On 25/05/2023 00:20, Edgecombe, Rick P wrote:
On Fri, 2023-05-05 at 17:20 +0200, Mickaël Salaün wrote:
# How does it work?
This implementation mainly leverages KVM capabilities to control the
Second
Layer Address Translation (or the Two Dimensional Paging e.g.,
Intel's EPT or
AMD's RVI/NPT) and Mode Based Execution Control (Intel's MBEC)
introduced with
the Kaby Lake (7th generation) architecture. This allows to set
permissions on
memory pages in a complementary way to the guest kernel's managed
memory
permissions. Once these permissions are set, they are locked and
there is no
way back.
A first KVM_HC_LOCK_MEM_PAGE_RANGES hypercall enables the guest
kernel to lock
a set of its memory page ranges with either the HEKI_ATTR_MEM_NOWRITE
or the
HEKI_ATTR_MEM_EXEC attribute. The first one denies write access to a
specific
set of pages (allow-list approach), and the second only allows kernel
execution
for a set of pages (deny-list approach).
The current implementation sets the whole kernel's .rodata (i.e., any
const or
__ro_after_init variables, which includes critical security data such
as LSM
parameters) and .text sections as non-writable, and the .text section
is the
only one where kernel execution is allowed. This is possible thanks
to the new
MBEC support also brough by this series (otherwise the vDSO would
have to be
executable). Thanks to this hardware support (VT-x, EPT and MBEC),
the
performance impact of such guest protection is negligible.
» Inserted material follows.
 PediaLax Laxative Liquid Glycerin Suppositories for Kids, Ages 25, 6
The second KVM_HC_LOCK_CR_UPDATE hypercall enables guests to pin some
of its
CPU control register flags (e.g., X86_CR0_WP, X86_CR4_SMEP,
X86_CR4_SMAP),
which is another complementary hardening mechanism.
Heki can be enabled with the heki=1 boot command argument.
Can the guest kernel ask the host VMM's emulated devices to DMA into
the protected data? It should go through the host userspace mappings I
think, which don't care about EPT permissions. Or did I miss where you
are protecting that another way? There are a lot of easy ways to ask
the host to write to guest memory that don't involve the EPT. You
probably need to protect the host userspace mappings, and also the
places in KVM that kmap a GPA provided by the guest.
Good point, I'll check this confused deputy attack. Extended KVM
protections should indeed handle all ways to map guests' memory. I'm
wondering if current VMMs would gracefully handle such new restrictions
though.
[ snip ]
# Current limitations
The main limitation of this patch series is the statically enforced
permissions. This is not an issue for kernels without module but this
needs to
be addressed. Mechanisms that dynamically impact kernel executable
memory are
not handled for now (e.g., kernel modules, tracepoints, eBPF JIT),
and such
code will need to be authenticated. Because the hypervisor is highly
privileged and critical to the security of all the VMs, we don't want
to
implement a code authentication mechanism in the hypervisor itself
but delegate
this verification to something much less privileged. We are thinking
of two
ways to solve this: implement this verification in the VMM or spawn a
dedicated
special VM (similar to Windows's VBS). There are pros on cons to each
approach:
complexity, verification code ownership (guest's or VMM's), access to
guest
memory (i.e., confidential computing).
The kernel often creates writable aliases in order to write to
protected data (kernel text, etc). Some of this is done right as text
is being first written out (alternatives for example), and some happens
way later (jump labels, etc). So for verification, I wonder what stage
you would be verifying? If you want to verify the end state, you would
have to maintain knowledge in the verifier of all the touch-ups the
kernel does. I think it would get very tricky.
For now, in the static kernel case, all rodata and text GPA is
restricted, so aliasing such memory in a writable way before or after
the KVM enforcement would still restrict write access to this memory,
which could be an issue but not a security one. Do you have such
examples in mind?
It also seems it will be a decent ask for the guest kernel to keep
track of GPA permissions as well as normal virtual memory pemirssions,
if this thing is not widely used.
This would indeed be required to properly handle the dynamic cases.
So I wondering if you could go in two directions with this:
1. Make this a feature only for super locked down kernels (no modules,
etc). Forbid any configurations that might modify text. But eBPF is
used for seccomp, so you might be turning off some security protections
to get this.
Good idea. For "super locked down kernels" :) , we should disable all
kernel executable changes with the related kernel build configuration
(e.g. eBPF JIT, kernel module, kprobes…) to make sure there is no such
legitimate access. This looks like an acceptable initial feature.
2. Loosen the rules to allow the protections to not be so one-way
enable. Get less security, but used more widely.
This is our goal. I think both static and dynamic cases are legitimate
and have value according to the level of security sought. This should be
a build-time configuration.
There were similar dilemmas with the PV CR pinning stuff.